The Law and Society Association will honor an Indiana University Maurer School of Law professor this week at its 2024 Annual Meeting in Denver from June 6-9.
Professor India Thusi will receive the John Hope Franklin Prize, recognizing exceptional scholarship in the field of Race, Racism and the Law.
Thusi’s winning work, “The Racialized History of Vice Policing,” was published in the UCLA Law Review in 2023.
“The article provides an enduring scholarly contribution at the intersection of policing, abolition, and legal history,” according to the LSA. “Thusi adopts an abolitionist framework and provides a much-needed analysis of vice policing as a mechanism to sustain racism and racialized marginalization. This well-written and compelling article is the beginning of a rich and important project that will continue to open up new avenues in research on race, racism, and law for years to come.”
The Franklin Prize is awarded for an article published in the two calendar years prior to the award year. The competition is open to all forms of law and society scholarship, to authors at any stage of their careers, and to authors from any country of origin. Articles may be published in any scholarly journal, including socio-legal journals, journals in other disciplines, and law reviews, or may be a chapter in a book volume.

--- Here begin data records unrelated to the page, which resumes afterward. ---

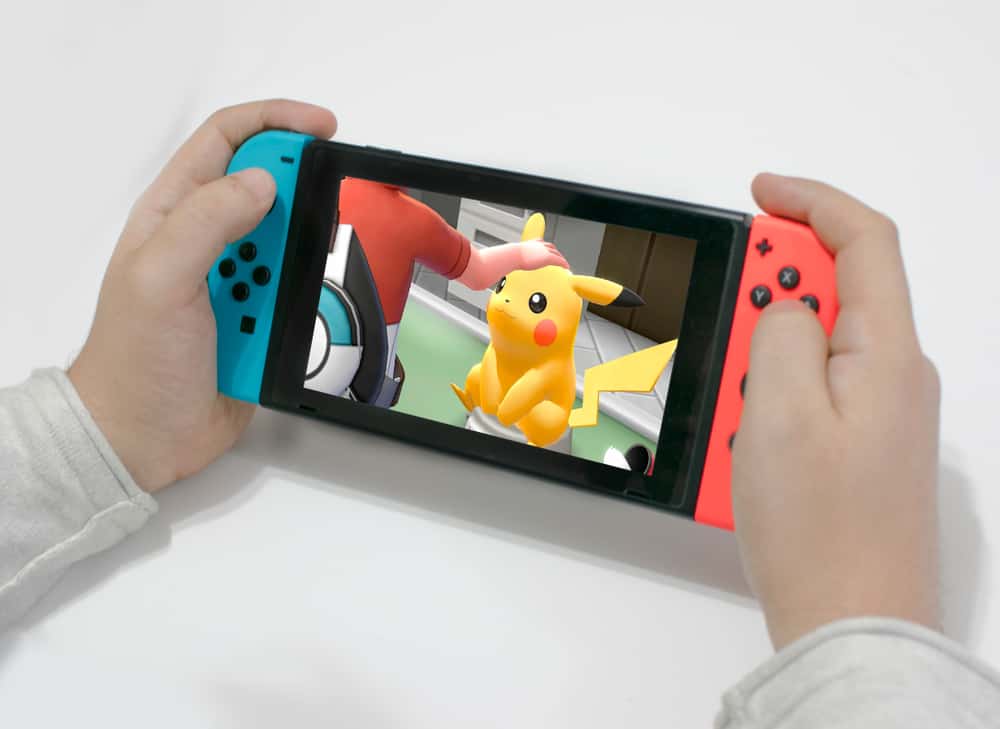 Young man playing pokémon let's go pikachu on a nintendo switch red and blue.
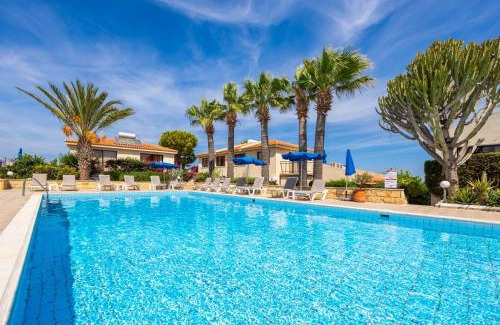 Latchi Apartment | Unwind at Tavros Hotel Apartments with Pool & Family Amenities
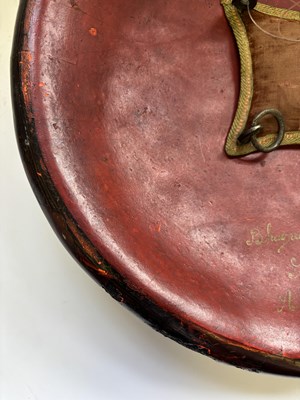 Lot 20 - AN INDIAN HIDE SHIELD (DHAL), 19TH CENTURY, SIGNED BHAGUAN KHOOSALOA, AHMEDABAD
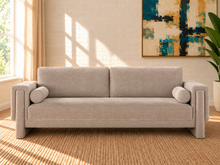 Load image into Gallery viewer, Corinne sofa in Greige chenille fabric with two back cushions, matching bolster pillows, structured arms, and contemporary design.
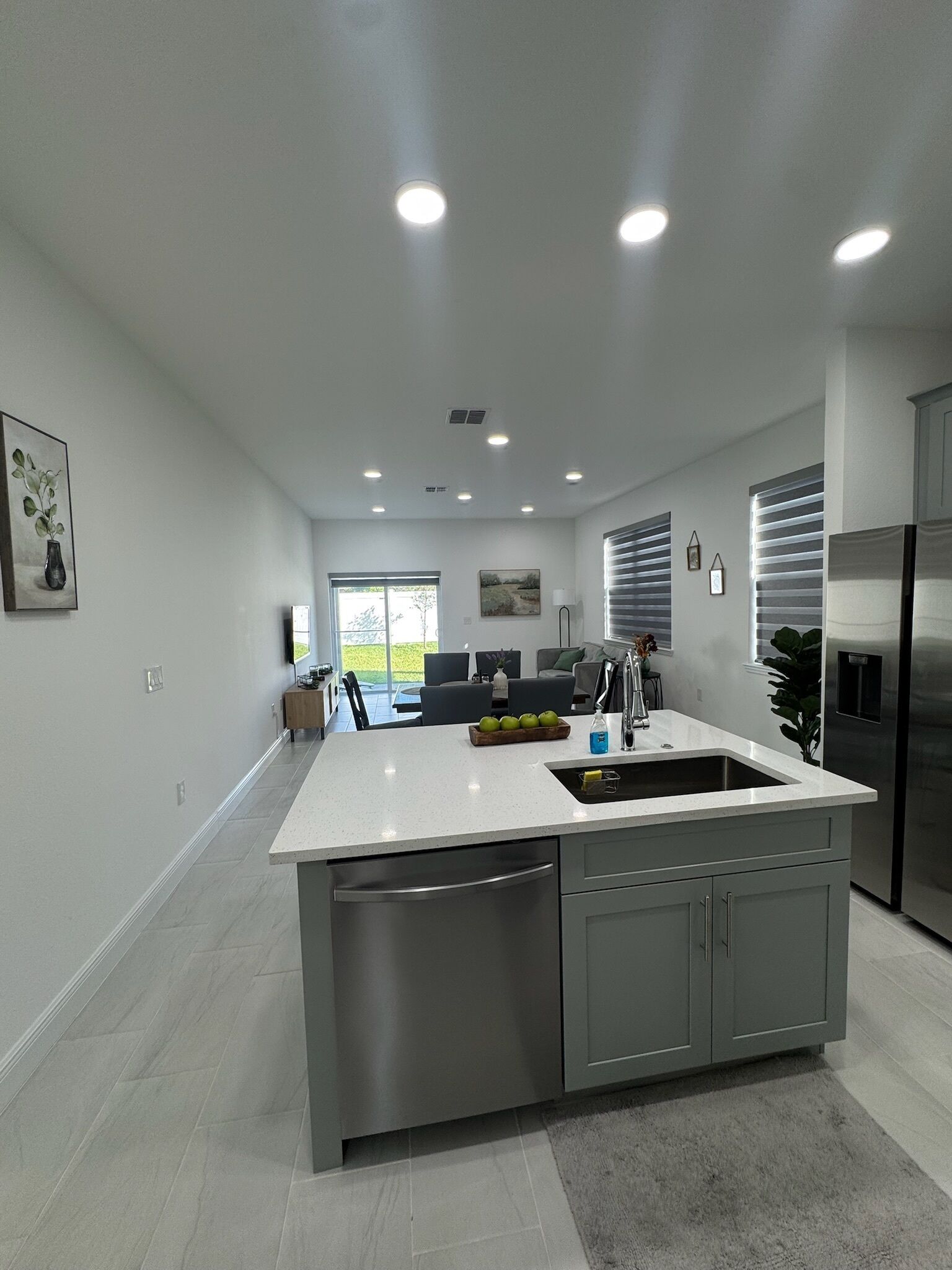 A modern kitchen with a central island, stainless steel appliances, and recessed ceiling lighting.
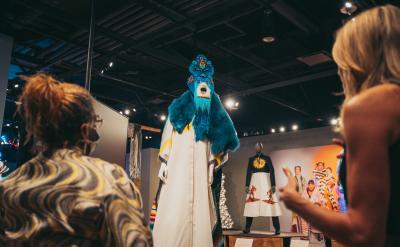Two people observe an elaborate costume on display in a dimly lit exhibition. The costume features vibrant blue fur and an intricate mask with a headdress. Another costume on a mannequin and various colorful outfits are visible in the background.
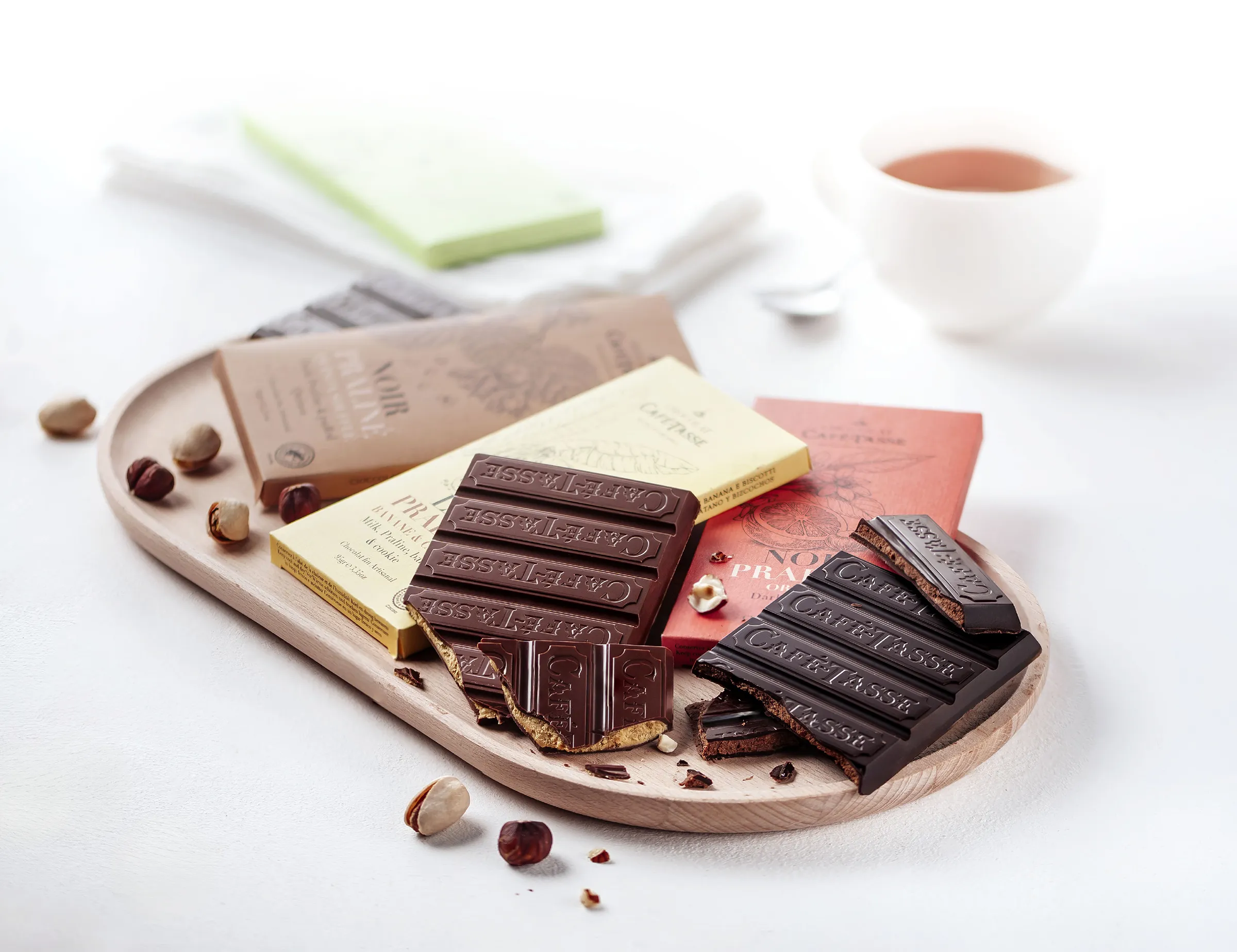 Plateau en bois avec plusieurs tablettes de chocolat Café-Tassé brisées, entourées de noisettes, une tasse de café floutée en arrière-plan.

Thusi is the Charles L. Whistler Faculty Fellow at the Law School, and a senior scientist at Indiana University’s Kinsey Institute. Her research examines racial and sexual hierarchies as they relate to policing, race, and gender. Thusi’s research is inextricably connected to her previous legal experience at organizations like the American Civil Liberties Union, Human Rights Watch, the Center for Constitutional Rights, and—most recently—The Opportunity Agenda, a social justice communication lab that collaborates to effect lasting policy and culture change.
She was selected as a Fulbright U.S. Global Scholar for 2020-2023.

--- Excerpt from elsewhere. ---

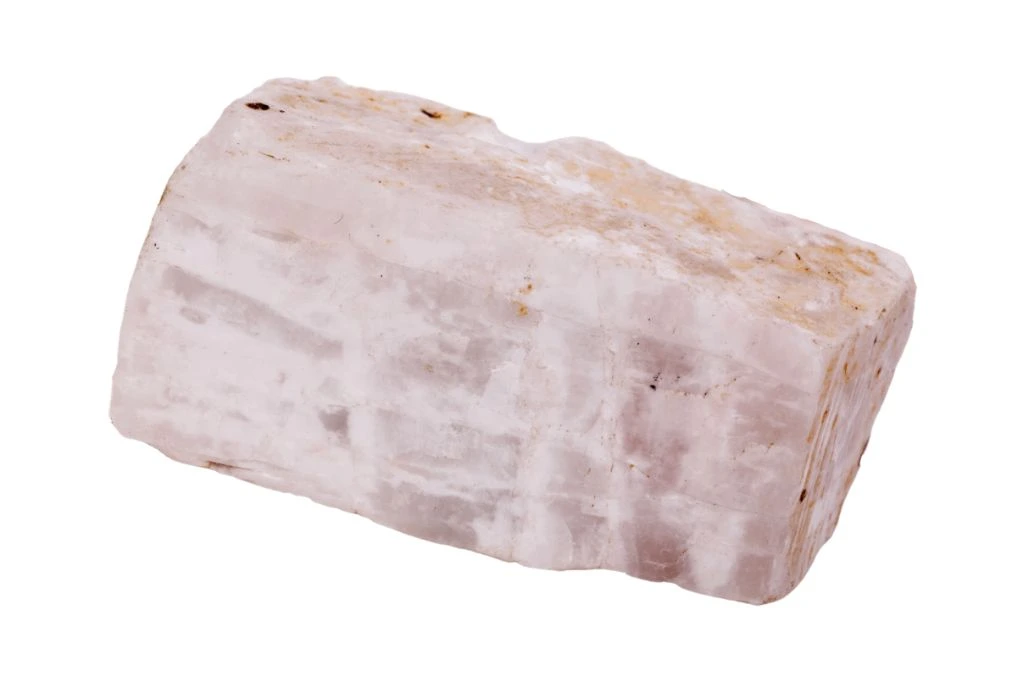 block of pink calcite for bad dreams on a white background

“I am so pleased to see Professor Thusi’s scholarship recognized by the Law and Society Association,” said Indiana Law Dean Christiana Ochoa. “The John Hope Franklin Prize is a prestigious honor won in the past by scholars at Northwestern, Harvard, and UC-Berkeley, and I am proud Professor Thusi will join them.”
The Law and Society Association is an interdisciplinary scholarly organization committed to social scientific, interpretive, and historical analyses of law across multiple social contexts.